お楽しみをこれでもかと詰め込む構成だが、この作品を初めて見る人にもわかりやすく、楽しめる。それでいてもちろん、これまでのアニメを楽しんできたファンには、いよいよお待ちかねのネタもドラマもふんだんに仕込まれている。

長く続くシリーズは、途中からだと入りづらいものだが、「黒執事 Book of the Atlantic」は、一度「黒執事」の世界に触れてみたい人に、自信をもっておすすめできる。

ダイナミックな劇場版ならではのアクションに酔いしれる

「黒執事」はエピソードによっては、謎解きや会話劇に時間をかける。しかし今回は、早い段階からどんどん騒動が起きて、アクションに入っていく。映画館のスクリーンで見ると、その映えること! シーンに合わせて作られた劇場版の音楽がまた、ダイナミックに心地よくアクションを盛り上げてくれる。

豪華客船という舞台で、バックダンサーズを従えて、「悪魔で執事」のセバスチャンは黒い執事服を乱さず、金メダリストのアスリートよりも華麗な体術で、容赦なく迅速に敵を倒していく。メインの武器は銀食器だ。

セバスチャンのライバルに当たる“死神”の武器は、“死神の鎌”デスサイズだが、19世紀の英国において、なぜかデスサイズは近代的なのがミスマッチでおもしろい。今回冒頭から登場するロナルド・ノックスのデスサイズは「芝刈り機型」だし、人気キャラのグレル・サトクリフのデスサイズは「チェーンソー型」。「それもう君たちがホラー映画の悪役だよね?」というアイテムなのだ。

この「銀食器vs芝刈り機vsチェーンソー」のアクションが、激しく、ありえなく、熱い。ケレン味があって、実に見応えがある。

劇場版の見せ場のひとつが、裏社会の情報屋である「葬儀屋(アンダーテイカー)」の活躍だろう。これまで、シエルたちに親しげでありながら謎めいた存在だった彼が、これまで明かさなかった正体を明らかにする。そして、セバスチャンも驚くほどのアクションを披露する。ここにも、意外な武器が登場するので、これからの人は楽しみに見てほしい。

アクションといえば、可憐な美少女エリザベスにも意外な、そして超クールな見どころがある。大好きなシエルの前ではかわいい女の子でいたいというエリザベスの乙女心には、誰もがキュンとして、一層彼女のことを好きになってしまうのではないだろうか。
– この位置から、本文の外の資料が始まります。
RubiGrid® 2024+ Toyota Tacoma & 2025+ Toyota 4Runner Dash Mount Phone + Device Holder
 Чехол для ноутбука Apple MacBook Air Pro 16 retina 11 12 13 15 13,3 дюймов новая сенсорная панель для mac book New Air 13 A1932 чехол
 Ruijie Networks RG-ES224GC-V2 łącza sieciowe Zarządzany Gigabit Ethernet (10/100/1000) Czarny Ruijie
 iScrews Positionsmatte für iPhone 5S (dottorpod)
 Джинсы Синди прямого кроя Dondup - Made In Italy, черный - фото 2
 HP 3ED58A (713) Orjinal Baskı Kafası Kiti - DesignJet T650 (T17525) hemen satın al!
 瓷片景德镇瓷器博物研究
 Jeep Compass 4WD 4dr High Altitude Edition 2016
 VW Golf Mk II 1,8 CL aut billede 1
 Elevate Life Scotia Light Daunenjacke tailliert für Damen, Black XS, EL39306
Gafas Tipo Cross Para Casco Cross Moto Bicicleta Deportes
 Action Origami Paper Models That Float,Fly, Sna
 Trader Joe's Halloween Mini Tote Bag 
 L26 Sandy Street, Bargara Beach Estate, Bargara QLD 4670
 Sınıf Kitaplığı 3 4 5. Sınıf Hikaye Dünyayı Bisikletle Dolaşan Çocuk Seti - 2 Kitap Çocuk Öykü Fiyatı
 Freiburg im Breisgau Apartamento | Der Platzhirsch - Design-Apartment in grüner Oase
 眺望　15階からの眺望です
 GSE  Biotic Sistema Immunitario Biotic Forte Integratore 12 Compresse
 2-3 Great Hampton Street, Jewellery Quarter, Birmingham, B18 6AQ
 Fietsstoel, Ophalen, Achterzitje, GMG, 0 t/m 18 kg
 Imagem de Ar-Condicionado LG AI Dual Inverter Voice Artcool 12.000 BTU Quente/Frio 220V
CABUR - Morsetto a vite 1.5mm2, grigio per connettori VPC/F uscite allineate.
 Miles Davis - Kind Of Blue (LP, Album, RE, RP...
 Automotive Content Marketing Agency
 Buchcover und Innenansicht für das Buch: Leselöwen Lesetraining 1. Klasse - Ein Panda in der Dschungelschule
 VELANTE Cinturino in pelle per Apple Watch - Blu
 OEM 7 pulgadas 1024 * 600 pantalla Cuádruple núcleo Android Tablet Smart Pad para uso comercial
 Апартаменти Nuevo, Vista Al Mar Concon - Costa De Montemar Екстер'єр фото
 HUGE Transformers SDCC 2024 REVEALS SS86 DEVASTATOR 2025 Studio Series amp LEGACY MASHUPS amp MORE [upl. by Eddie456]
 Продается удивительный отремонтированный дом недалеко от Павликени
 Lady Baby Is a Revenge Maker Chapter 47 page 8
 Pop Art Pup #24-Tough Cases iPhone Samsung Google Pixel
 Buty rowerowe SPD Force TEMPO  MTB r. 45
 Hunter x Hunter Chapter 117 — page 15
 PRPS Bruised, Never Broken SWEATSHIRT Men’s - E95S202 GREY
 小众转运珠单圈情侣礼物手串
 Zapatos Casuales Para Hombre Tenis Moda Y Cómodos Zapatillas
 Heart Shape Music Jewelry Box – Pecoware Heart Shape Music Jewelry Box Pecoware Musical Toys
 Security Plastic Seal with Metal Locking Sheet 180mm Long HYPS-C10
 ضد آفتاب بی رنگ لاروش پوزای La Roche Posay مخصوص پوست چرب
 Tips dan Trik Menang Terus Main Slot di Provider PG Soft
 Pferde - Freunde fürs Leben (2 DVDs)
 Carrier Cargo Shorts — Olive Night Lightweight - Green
シネマティックレコードが映し出すセバスチャンとシエルの出会い

これまでアニメで「黒執事」を追ってきたファンにうれしいのが、セバスチャンとシエルの出会いが、セバスチャンの回想というかたちで見られることだ。

両親を殺害されてとらえられ売り飛ばされ、怪しい儀式の生贄となって絶望を味わったシエルは、血を吐くような思いで、自分と家族を陥れた者たちへの復讐を誓う。悪魔であるセバスチャンがこの世に召喚されたとき、どのようにシエルと出会い、そのとき何を感じたのか。語られるモノローグは貴重だ。

小さな子どもでありながら、この世を憎んで、力と引き換えに悪魔と契約しようとするシエル。セバスチャンはそんなシエルに興味を持ち、悪魔である彼にとってほんの一時、シエルが一生を終えるまでと、契約を交わし執事として仕えることになる。

シエルがセバスチャンと契約する際に、願ったことは3つ。その中でも「絶対に嘘をつかないこと」というのが印象的だ。

嘘というのは決して悪いことばかりではない。つきあいのための方便もあるし、相手を一時的によろこばせるための罪のない嘘もある。でも、シエルは悪魔に「自分に対して、絶対に嘘をつかないこと」を求めた。そこには人に心を許さないシエルの孤独と、痛いほどの願いがこもっている。

また、仕事を完璧にこなすスーパー執事・セバスチャンも、シエルとの出会いのころには試行錯誤のあったことがコミカルに描かれるのも興味深い。執事として成長するセバスチャンの姿も、なかなか新鮮だ。

「悪魔で執事」契約にもとづいた唯一絶対の関係

契約と約束があるからこそ、セバスチャンは言葉にしたことが嘘にならないよう必ず実行するし、シエルに服従して絶対に裏切らない。

シエルも、どんなに無理と思える命令でも、セバスチャンがやりとげることを知っているし、自分を裏切らないことを信じている。

2人の間にあるのは、あたたかい愛や忠誠心ではない。シエルは傲岸(ごうがん)かつわがままな主人で、セバスチャンは沈着冷静な態度を崩さない、慇懃無礼な執事だ。お互いを見る目はクールで、日常的に一見穏やかなやりとりの中に、皮肉や言葉のトゲがビシバシ込められる。

けれど、見ようによっては、これは深い信頼関係であり、決して壊れない絆のかたちだ。甘い恋や愛ならいつか色あせるかもしれないが、相手を知り尽くし、契約で結ばれたふたりは、互いに絶対無二のかけがえのない存在といえる。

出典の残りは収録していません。